Initial bids are due June 20.
Dallas-based investor Noel Management bought the property, at 4689 Mustang Parkway, in December 2021 with a $59.8 million mortgage from Benefit Street, deed records show. Noel planned to complete a $1.5 million upgrade when it purchased the property.
This isn’t the first time Benefit Street got burned after lending to an investor making moves in Dallas at the height of the pandemic buying frenzy.
The lender foreclosed on a Tides Equities asset in Dallas and took the property back with a $61 million credit bid in January after the troubled multifamily syndicator defaulted on a $66.7 million loan from Benefit Street.

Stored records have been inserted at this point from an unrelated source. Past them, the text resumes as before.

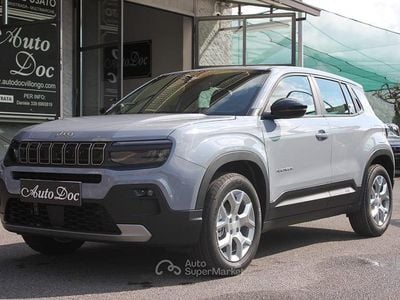 Ny Jeep Avenger Altitude 101 HK (74 kW) 2026 Grå SUV
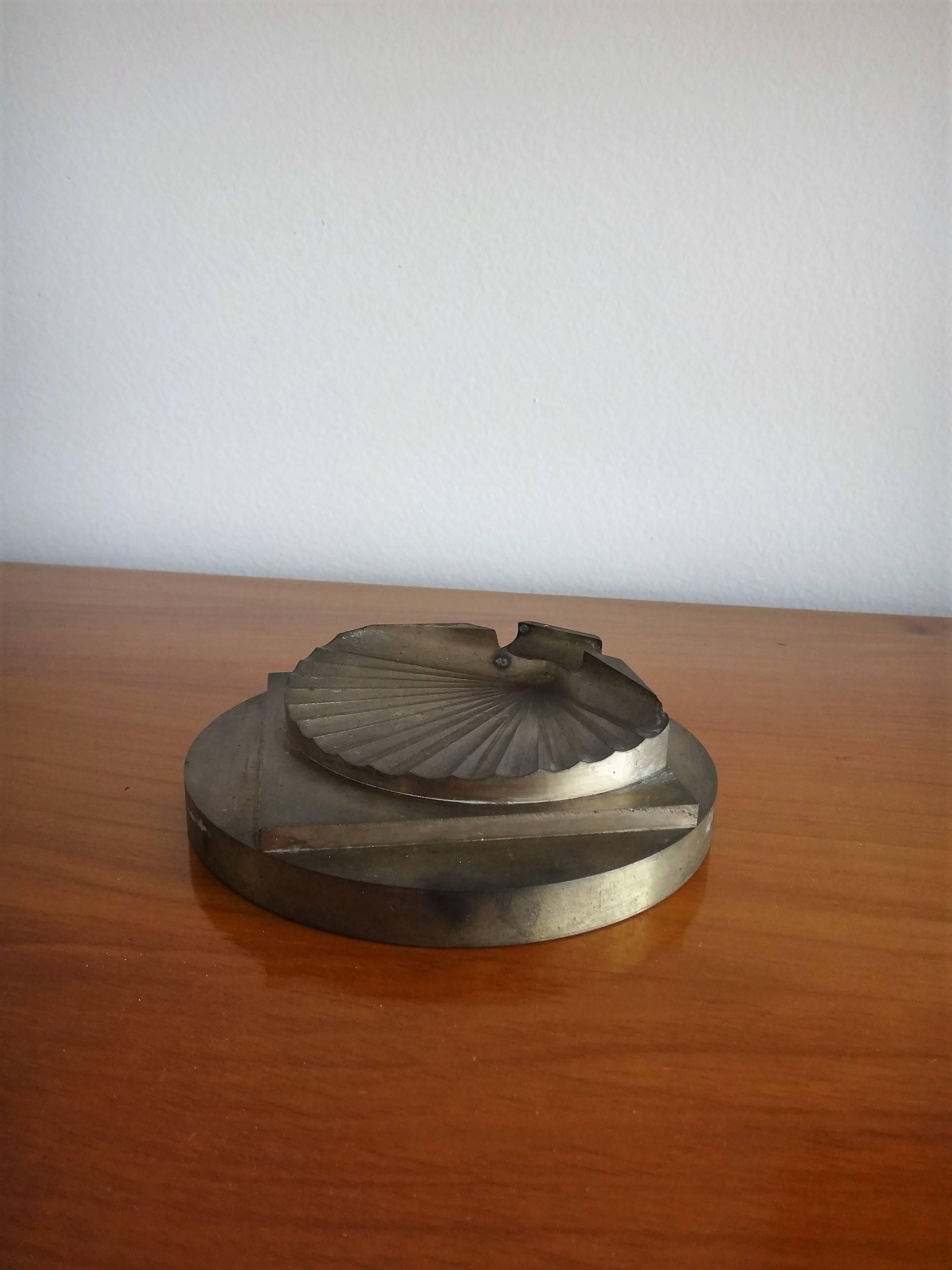 Brutalist Scallop Shaped Solid Bronze Paperweight, France, 1970s 1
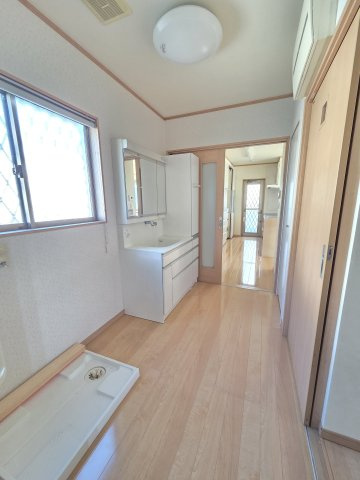 洗面脱衣所は3帖とゆったりしています！お子様との入浴はもちろん、ご年配の方が入る際も広い空間が必要ですので、永くお住まいいただける造りですね♪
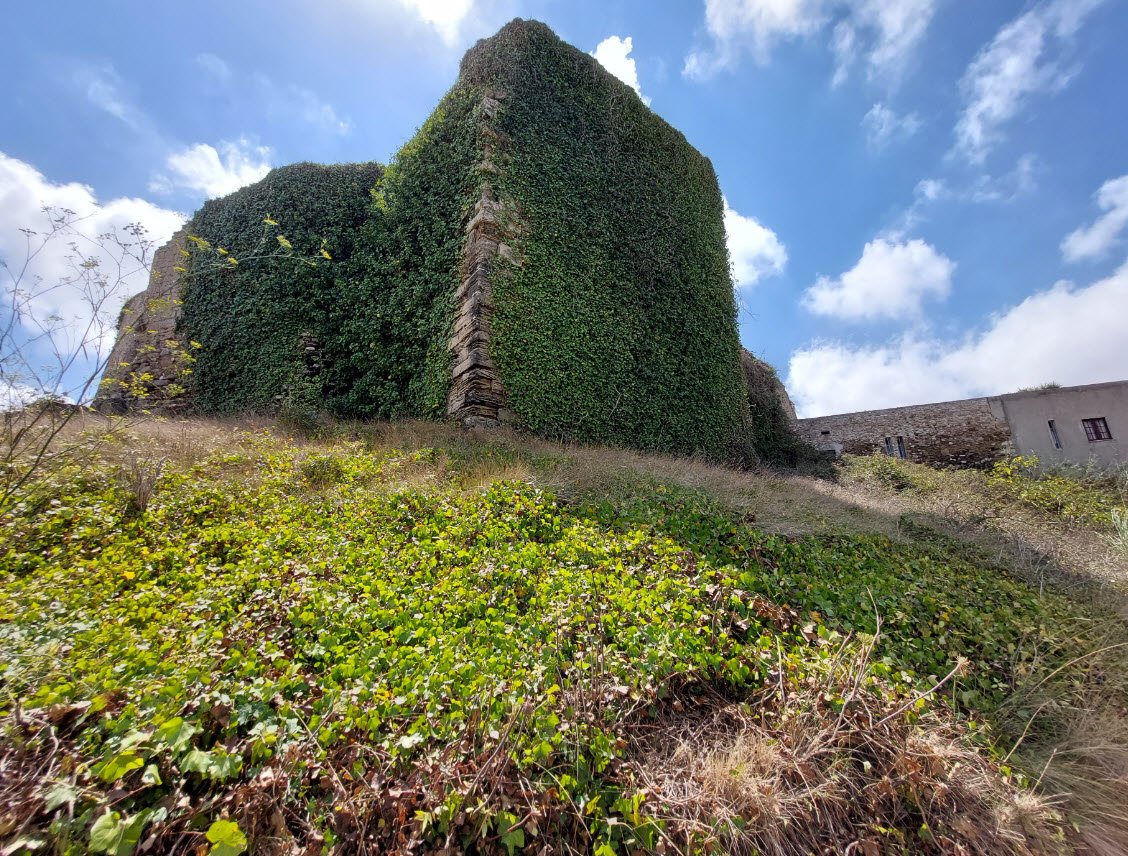 Castelo de Atouguia da Baleia (Ruins), Portugal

It’s also going after Alan Stalcup, the man behind embattled syndicator GVA. Benefit Street is suing him for fraud, claiming his behavior — allegedly, he committed “forgery and fraud that would make even brazen criminals blush” — has triggered recourse carveouts on a $346 million loan Benefit Street provided less than three years ago.
Dallas-Fort Worth has weathered a historic deluge of apartment supply since the pandemic, with nearly 40,000 units delivered in 2024 alone. The oversupply pushed rents into freefall starting in 2022.
While new units are still on the way, permit numbers have dropped considerably, leading experts to predict rent stabilizations; the year could end with modest rent growth of about three percent, according to Partners Real Estate.